ABOUT THIS EXERCISE:
Below are records; reproduce exactly the lines from the one that has "Afbeelding 3 van" through the one that has "Major 2nd - Sawa", ends included, and nothing more.

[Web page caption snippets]
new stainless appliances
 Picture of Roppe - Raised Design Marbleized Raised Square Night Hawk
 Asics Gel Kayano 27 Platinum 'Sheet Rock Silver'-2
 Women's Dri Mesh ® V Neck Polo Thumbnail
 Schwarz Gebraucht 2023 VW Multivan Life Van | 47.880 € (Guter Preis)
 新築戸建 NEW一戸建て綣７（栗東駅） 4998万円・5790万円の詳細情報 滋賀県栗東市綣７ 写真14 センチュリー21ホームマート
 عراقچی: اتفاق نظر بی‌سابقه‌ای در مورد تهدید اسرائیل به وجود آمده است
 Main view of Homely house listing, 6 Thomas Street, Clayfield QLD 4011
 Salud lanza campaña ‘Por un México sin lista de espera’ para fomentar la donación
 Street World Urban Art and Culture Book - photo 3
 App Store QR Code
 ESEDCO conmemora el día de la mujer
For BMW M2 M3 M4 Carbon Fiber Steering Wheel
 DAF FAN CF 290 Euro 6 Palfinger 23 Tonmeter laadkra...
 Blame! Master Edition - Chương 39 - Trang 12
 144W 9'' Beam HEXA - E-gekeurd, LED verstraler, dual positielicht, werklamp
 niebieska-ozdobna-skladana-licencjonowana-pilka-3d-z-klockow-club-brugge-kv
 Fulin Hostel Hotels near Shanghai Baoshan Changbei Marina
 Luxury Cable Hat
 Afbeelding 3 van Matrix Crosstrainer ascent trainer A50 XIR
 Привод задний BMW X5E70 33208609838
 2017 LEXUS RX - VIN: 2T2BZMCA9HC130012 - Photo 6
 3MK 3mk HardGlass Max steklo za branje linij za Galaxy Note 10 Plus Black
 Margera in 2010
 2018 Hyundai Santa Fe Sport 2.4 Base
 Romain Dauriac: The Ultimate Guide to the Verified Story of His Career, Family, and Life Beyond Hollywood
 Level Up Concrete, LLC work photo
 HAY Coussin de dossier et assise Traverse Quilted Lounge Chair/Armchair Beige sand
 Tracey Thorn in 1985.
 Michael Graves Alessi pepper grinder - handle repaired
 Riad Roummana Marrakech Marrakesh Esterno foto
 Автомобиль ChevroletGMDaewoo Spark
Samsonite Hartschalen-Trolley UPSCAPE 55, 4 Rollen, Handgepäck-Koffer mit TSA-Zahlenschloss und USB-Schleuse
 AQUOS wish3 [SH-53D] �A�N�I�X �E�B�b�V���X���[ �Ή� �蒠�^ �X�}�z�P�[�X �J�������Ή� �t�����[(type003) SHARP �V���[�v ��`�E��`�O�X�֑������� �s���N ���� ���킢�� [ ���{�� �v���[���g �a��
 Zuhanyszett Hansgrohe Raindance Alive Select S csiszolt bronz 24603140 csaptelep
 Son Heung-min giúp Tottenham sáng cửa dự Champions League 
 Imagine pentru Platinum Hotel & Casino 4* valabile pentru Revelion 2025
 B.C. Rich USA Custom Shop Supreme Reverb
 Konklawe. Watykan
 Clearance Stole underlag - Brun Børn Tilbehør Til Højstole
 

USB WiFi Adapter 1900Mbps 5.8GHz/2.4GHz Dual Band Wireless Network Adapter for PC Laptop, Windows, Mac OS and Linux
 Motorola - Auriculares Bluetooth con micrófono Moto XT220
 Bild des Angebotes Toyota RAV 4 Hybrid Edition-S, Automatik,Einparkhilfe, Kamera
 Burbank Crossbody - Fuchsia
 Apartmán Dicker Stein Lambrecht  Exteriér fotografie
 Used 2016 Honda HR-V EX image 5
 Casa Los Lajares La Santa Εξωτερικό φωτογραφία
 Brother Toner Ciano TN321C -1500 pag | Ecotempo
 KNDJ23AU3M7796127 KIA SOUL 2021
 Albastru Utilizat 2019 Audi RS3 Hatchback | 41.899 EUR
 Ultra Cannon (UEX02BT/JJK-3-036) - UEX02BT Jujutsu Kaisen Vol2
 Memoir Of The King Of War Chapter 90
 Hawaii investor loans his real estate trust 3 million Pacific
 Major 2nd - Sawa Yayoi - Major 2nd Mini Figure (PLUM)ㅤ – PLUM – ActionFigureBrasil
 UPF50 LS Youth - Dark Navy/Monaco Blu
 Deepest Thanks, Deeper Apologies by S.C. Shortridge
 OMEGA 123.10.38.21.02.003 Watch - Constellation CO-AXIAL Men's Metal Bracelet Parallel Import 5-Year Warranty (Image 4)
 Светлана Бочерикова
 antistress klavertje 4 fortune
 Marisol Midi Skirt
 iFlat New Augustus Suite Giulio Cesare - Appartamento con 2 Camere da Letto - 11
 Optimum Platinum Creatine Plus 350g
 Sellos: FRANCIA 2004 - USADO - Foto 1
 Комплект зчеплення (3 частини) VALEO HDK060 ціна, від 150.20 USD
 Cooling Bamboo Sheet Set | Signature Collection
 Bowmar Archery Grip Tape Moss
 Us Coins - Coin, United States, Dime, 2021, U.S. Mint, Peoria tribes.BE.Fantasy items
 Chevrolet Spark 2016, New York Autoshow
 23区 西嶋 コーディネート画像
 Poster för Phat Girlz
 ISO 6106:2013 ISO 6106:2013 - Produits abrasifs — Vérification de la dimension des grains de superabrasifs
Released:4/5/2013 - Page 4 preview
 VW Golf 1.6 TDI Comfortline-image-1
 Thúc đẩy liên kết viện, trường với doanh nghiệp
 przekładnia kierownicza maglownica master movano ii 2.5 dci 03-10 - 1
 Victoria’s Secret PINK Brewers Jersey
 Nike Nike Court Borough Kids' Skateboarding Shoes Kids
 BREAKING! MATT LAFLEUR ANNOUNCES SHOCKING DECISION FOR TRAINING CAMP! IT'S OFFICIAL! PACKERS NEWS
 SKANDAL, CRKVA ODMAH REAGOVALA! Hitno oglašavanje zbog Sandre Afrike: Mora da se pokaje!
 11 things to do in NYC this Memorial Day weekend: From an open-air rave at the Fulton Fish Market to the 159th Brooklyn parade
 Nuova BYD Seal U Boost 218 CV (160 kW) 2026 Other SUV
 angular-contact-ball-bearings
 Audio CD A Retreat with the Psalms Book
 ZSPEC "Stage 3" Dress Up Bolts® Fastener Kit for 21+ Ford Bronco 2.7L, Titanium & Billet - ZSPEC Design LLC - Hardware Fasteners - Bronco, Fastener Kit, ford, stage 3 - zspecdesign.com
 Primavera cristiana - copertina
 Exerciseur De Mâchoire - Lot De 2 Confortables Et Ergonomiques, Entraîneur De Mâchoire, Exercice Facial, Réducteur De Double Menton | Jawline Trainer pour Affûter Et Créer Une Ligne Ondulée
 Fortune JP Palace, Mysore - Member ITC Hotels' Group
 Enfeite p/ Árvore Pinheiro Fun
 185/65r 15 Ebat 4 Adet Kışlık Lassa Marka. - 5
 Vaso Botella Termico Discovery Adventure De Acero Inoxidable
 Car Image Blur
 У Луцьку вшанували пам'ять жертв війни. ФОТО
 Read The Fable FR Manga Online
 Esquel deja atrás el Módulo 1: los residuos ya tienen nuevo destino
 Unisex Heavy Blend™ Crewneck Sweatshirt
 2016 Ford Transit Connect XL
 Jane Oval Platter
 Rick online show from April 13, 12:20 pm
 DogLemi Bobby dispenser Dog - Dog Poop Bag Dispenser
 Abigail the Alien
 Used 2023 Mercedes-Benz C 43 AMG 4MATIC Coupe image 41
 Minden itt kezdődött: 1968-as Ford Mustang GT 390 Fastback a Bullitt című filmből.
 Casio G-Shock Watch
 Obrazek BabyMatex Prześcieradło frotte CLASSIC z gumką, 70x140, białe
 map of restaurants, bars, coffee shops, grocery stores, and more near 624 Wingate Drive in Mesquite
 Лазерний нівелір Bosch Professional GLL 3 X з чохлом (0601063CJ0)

TASK ANSWER:
 Afbeelding 3 van Matrix Crosstrainer ascent trainer A50 XIR
 Привод задний BMW X5E70 33208609838
 2017 LEXUS RX - VIN: 2T2BZMCA9HC130012 - Photo 6
 3MK 3mk HardGlass Max steklo za branje linij za Galaxy Note 10 Plus Black
 Margera in 2010
 2018 Hyundai Santa Fe Sport 2.4 Base
 Romain Dauriac: The Ultimate Guide to the Verified Story of His Career, Family, and Life Beyond Hollywood
 Level Up Concrete, LLC work photo
 HAY Coussin de dossier et assise Traverse Quilted Lounge Chair/Armchair Beige sand
 Tracey Thorn in 1985.
 Michael Graves Alessi pepper grinder - handle repaired
 Riad Roummana Marrakech Marrakesh Esterno foto
 Автомобиль ChevroletGMDaewoo Spark
Samsonite Hartschalen-Trolley UPSCAPE 55, 4 Rollen, Handgepäck-Koffer mit TSA-Zahlenschloss und USB-Schleuse
 AQUOS wish3 [SH-53D] �A�N�I�X �E�B�b�V���X���[ �Ή� �蒠�^ �X�}�z�P�[�X �J�������Ή� �t�����[(type003) SHARP �V���[�v ��`�E��`�O�X�֑������� �s���N ���� ���킢�� [ ���{�� �v���[���g �a��
 Zuhanyszett Hansgrohe Raindance Alive Select S csiszolt bronz 24603140 csaptelep
 Son Heung-min giúp Tottenham sáng cửa dự Champions League 
 Imagine pentru Platinum Hotel & Casino 4* valabile pentru Revelion 2025
 B.C. Rich USA Custom Shop Supreme Reverb
 Konklawe. Watykan
 Clearance Stole underlag - Brun Børn Tilbehør Til Højstole
 

USB WiFi Adapter 1900Mbps 5.8GHz/2.4GHz Dual Band Wireless Network Adapter for PC Laptop, Windows, Mac OS and Linux
 Motorola - Auriculares Bluetooth con micrófono Moto XT220
 Bild des Angebotes Toyota RAV 4 Hybrid Edition-S, Automatik,Einparkhilfe, Kamera
 Burbank Crossbody - Fuchsia
 Apartmán Dicker Stein Lambrecht  Exteriér fotografie
 Used 2016 Honda HR-V EX image 5
 Casa Los Lajares La Santa Εξωτερικό φωτογραφία
 Brother Toner Ciano TN321C -1500 pag | Ecotempo
 KNDJ23AU3M7796127 KIA SOUL 2021
 Albastru Utilizat 2019 Audi RS3 Hatchback | 41.899 EUR
 Ultra Cannon (UEX02BT/JJK-3-036) - UEX02BT Jujutsu Kaisen Vol2
 Memoir Of The King Of War Chapter 90
 Hawaii investor loans his real estate trust 3 million Pacific
 Major 2nd - Sawa Yayoi - Major 2nd Mini Figure (PLUM)ㅤ – PLUM – ActionFigureBrasil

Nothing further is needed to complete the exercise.